[Dataset excerpts]

%%

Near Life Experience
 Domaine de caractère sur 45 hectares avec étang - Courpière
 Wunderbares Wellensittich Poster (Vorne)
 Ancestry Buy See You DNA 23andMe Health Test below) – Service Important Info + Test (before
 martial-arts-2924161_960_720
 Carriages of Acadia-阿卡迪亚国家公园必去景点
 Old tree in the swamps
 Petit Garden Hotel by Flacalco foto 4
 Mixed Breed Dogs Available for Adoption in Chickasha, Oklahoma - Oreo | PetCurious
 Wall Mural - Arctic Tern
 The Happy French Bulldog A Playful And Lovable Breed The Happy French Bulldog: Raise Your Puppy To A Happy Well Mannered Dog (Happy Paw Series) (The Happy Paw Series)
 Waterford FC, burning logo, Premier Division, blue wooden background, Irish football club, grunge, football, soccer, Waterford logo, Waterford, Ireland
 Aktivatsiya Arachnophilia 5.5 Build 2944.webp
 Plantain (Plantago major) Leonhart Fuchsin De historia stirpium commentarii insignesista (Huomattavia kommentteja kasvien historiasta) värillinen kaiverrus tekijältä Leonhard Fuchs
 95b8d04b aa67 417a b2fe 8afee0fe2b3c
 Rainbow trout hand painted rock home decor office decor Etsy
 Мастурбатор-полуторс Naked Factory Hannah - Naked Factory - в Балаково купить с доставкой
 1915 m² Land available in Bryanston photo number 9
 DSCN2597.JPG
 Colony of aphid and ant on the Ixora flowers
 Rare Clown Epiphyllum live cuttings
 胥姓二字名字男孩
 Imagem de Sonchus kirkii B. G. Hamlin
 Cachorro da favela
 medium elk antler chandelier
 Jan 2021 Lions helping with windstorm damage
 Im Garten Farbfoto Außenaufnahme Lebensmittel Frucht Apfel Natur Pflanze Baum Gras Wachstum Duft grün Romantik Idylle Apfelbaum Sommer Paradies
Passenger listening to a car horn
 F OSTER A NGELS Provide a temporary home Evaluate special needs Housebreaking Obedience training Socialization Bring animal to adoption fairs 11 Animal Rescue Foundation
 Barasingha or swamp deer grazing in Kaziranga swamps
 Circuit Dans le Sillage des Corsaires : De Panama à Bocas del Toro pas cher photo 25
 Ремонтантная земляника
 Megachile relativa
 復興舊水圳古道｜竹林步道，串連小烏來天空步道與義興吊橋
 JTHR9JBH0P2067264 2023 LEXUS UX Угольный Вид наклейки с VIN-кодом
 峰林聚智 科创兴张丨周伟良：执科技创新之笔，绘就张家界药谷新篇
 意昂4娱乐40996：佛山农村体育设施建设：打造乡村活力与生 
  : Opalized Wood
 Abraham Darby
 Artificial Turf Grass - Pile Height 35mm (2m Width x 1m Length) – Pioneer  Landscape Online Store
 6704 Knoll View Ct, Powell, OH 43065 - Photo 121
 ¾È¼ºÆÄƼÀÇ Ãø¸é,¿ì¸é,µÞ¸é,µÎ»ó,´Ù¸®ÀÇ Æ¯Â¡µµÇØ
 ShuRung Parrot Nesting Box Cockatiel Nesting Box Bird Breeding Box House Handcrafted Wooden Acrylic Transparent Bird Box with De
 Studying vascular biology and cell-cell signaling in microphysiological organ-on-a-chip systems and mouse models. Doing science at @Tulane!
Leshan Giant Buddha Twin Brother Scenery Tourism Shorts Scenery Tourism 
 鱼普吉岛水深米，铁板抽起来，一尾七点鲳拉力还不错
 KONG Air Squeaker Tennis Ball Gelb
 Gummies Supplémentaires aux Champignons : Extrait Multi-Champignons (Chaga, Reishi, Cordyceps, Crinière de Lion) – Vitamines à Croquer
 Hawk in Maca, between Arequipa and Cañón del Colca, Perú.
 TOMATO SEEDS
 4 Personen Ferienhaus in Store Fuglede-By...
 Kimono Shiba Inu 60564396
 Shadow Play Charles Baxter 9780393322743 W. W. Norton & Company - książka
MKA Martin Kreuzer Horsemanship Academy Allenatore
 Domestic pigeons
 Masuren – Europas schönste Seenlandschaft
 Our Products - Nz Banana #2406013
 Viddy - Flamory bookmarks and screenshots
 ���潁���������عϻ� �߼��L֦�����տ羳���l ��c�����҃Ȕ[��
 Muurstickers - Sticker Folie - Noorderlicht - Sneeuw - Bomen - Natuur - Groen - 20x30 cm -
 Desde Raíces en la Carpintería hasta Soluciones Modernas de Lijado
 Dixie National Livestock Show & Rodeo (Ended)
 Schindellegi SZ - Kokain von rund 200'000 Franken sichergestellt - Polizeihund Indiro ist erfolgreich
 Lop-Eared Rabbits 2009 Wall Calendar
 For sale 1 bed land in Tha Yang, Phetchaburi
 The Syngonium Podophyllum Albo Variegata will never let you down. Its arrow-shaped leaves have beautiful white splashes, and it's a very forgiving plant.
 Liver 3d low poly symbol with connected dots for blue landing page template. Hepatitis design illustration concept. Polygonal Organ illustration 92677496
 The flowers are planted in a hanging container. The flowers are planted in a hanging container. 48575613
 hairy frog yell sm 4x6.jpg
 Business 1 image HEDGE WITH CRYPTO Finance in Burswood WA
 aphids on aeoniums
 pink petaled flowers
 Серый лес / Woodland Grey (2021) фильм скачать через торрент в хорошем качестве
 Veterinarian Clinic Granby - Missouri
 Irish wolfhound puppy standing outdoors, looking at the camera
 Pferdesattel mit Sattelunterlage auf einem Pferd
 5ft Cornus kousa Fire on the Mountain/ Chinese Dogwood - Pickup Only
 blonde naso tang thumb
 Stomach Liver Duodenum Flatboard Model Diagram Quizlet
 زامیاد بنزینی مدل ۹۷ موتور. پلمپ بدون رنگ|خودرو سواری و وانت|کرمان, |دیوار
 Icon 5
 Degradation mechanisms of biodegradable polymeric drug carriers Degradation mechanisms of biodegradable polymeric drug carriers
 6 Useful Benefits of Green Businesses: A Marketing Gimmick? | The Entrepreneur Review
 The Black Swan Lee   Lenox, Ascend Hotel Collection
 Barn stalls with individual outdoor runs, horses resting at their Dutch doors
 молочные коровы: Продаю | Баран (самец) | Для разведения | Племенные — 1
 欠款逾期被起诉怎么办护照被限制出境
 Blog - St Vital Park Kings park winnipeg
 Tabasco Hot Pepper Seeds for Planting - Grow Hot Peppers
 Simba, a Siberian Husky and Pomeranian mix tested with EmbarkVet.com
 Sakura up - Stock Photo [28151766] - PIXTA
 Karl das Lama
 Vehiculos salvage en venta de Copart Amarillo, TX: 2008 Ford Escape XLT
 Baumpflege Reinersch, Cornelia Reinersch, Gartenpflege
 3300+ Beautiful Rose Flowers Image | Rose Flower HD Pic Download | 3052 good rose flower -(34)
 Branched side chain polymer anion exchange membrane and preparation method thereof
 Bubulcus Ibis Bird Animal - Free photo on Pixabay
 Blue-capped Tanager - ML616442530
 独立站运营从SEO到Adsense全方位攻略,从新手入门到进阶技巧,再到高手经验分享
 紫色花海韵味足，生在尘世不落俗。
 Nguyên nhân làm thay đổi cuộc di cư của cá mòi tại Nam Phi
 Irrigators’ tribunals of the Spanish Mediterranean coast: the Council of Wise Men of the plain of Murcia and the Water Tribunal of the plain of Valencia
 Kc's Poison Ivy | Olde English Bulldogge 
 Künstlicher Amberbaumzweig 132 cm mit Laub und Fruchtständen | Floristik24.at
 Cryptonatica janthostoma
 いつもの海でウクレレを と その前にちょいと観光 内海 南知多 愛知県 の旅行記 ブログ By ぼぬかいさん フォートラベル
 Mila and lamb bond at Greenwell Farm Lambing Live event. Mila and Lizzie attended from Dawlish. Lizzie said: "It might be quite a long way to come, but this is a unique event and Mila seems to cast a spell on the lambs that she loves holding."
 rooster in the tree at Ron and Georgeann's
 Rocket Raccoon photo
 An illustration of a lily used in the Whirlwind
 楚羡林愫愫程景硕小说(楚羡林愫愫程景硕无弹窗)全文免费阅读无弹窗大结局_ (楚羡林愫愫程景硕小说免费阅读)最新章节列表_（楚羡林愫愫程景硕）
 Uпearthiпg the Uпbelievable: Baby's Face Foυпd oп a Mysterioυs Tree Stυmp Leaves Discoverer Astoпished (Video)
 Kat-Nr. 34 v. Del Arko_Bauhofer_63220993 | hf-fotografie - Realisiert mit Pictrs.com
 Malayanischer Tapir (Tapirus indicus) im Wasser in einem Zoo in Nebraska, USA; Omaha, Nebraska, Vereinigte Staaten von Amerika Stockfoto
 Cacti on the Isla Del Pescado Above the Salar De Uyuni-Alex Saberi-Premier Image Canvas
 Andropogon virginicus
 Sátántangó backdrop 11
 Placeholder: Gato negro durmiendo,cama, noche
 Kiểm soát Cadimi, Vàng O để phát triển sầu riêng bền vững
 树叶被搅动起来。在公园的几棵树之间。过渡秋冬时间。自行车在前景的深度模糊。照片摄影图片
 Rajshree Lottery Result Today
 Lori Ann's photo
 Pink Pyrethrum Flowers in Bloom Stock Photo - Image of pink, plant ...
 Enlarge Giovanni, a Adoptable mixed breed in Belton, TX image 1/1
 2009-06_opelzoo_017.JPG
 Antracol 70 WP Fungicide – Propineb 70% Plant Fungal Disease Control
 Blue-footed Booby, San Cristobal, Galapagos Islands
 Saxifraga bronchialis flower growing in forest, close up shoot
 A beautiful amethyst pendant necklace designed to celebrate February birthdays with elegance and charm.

%%

#### EXERCISE DESCRIPTION:
All that is needed is the line containing "Placeholder: Gato negro" and each line after it to the end of the data above, set down exactly.

#### YOUR SOLUTION:
 Placeholder: Gato negro durmiendo,cama, noche
 Kiểm soát Cadimi, Vàng O để phát triển sầu riêng bền vững
 树叶被搅动起来。在公园的几棵树之间。过渡秋冬时间。自行车在前景的深度模糊。照片摄影图片
 Rajshree Lottery Result Today
 Lori Ann's photo
 Pink Pyrethrum Flowers in Bloom Stock Photo - Image of pink, plant ...
 Enlarge Giovanni, a Adoptable mixed breed in Belton, TX image 1/1
 2009-06_opelzoo_017.JPG
 Antracol 70 WP Fungicide – Propineb 70% Plant Fungal Disease Control
 Blue-footed Booby, San Cristobal, Galapagos Islands
 Saxifraga bronchialis flower growing in forest, close up shoot
 A beautiful amethyst pendant necklace designed to celebrate February birthdays with elegance and charm.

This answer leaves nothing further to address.